Human resources professionals have simple advice for companies that still haven’t put a social media policy to paper: Get it done.
Making it official may not save you the headache of an aggravated employee who vents on Facebook, but it does detail your expectations.
According to a recent report by Cowen and Company, adults spend an average of 42.1 minutes each day on Facebook while18-29 year olds spend 51 minutes a day on the site. Twitter boasts more than 500 million Tweets every day.
Those numbers leave little doubt that employees have at least one or multiple social platform accounts, and they’re probably accessing them at work. At best, their time and content can benefit the company when everyone’s playing nice. But when things go awry?

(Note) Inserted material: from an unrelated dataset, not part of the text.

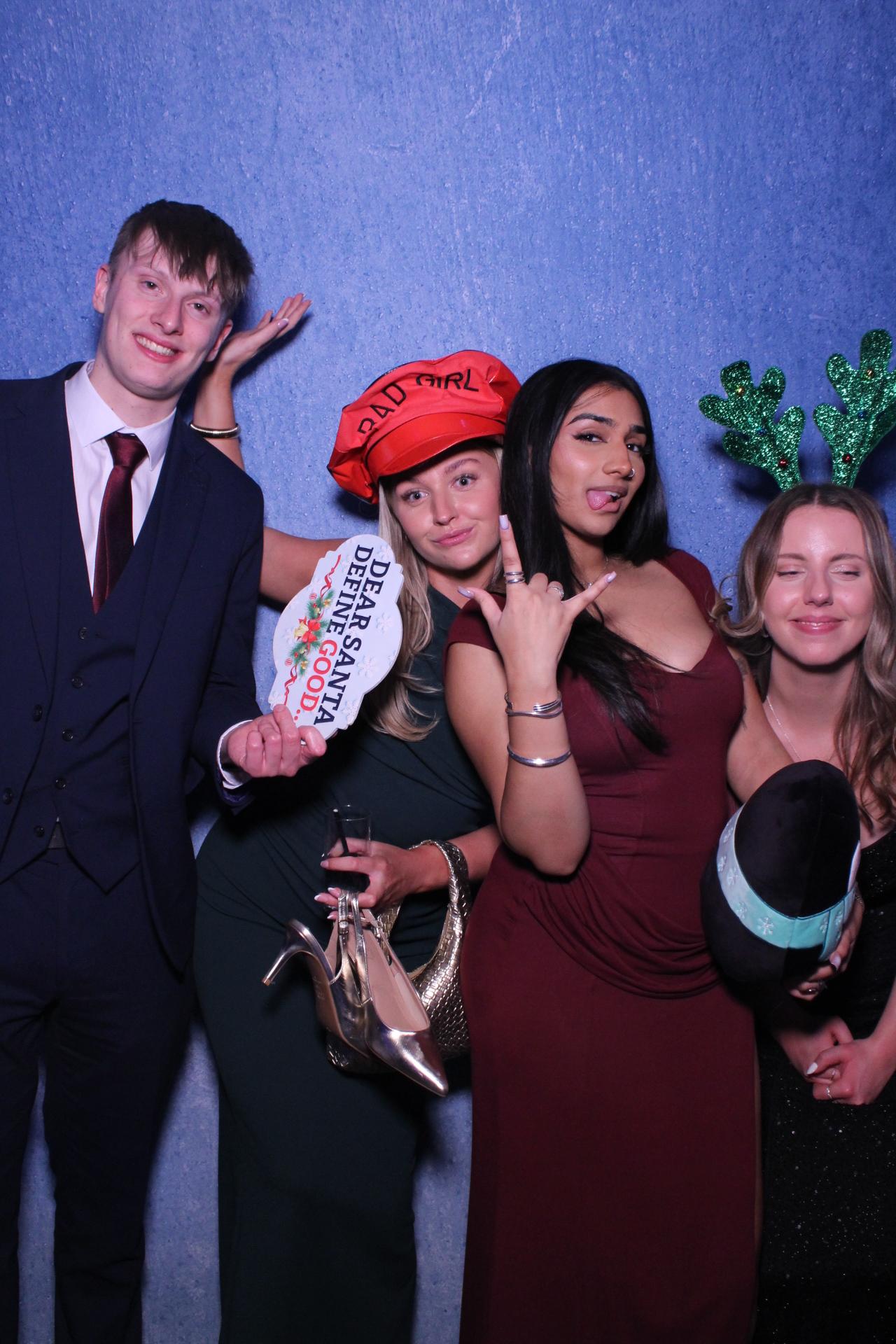 Freeths Christmas Party  | View more photos from the event at gallery.magicimages.uk/u/MagicImages/Freeths-Christmas-Party-0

“The biggest risk is that when a social media crisis occurs — an employee posts something the employer thinks is bad, management doesn’t have a resource to turn to,” explained Molly DiBianca, an attorney with Young Conaway Stargatt & Taylor. “It leaves it to their discretion to handle.”
DiBianca was a speaker at the annual Delaware Society for Human Resource Management (SHRM) earlier this fall.

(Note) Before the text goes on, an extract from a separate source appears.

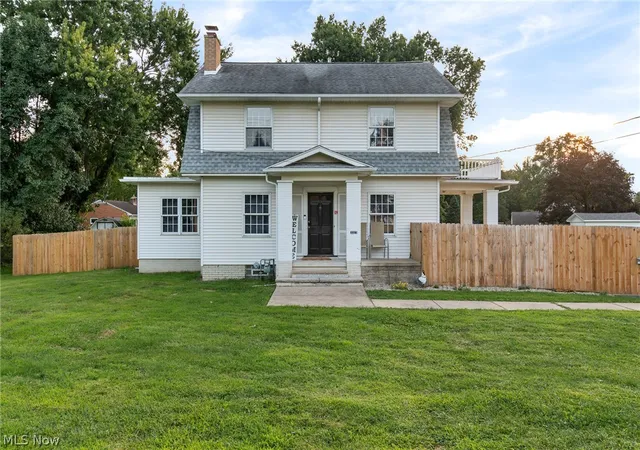 Photo 2 of Single family home for sale at 3323 Cleveland Ave S, Canton, OH 44707 | MLS# 5239064 | Listing updated on 2026-09-30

“It is a hot topic for everyone,” said SHRM President Tricia Clendening, a Human Resources Consultant. “If you were to walk into 12 companies I guarantee only six of them have a policy on social media.”
It’s one of the items she recommends during her Human Resources audits, although not everyone’s on board. “I have a small client who has about 100 employees and he doesn’t want one – he said he doesn’t need to put policies in place for things that might happen.
“I personally feel you should have a social media policy so that you can establish expectations and parameters,” Clendening said.
Hot-button issues like negative comments about customers and clients can lead an employer who doesn’t have social media policy to refer to and over-react. That’s why DiBianca said a policy that outlines acceptable behaviors for employees who use social media at work or who talk about work is crucial. Education about that policy is also vital.
“If they implement a policy that nobody knows about and hope to play ‘gotcha’ – that’ not good,” she said. “Prevention is key.”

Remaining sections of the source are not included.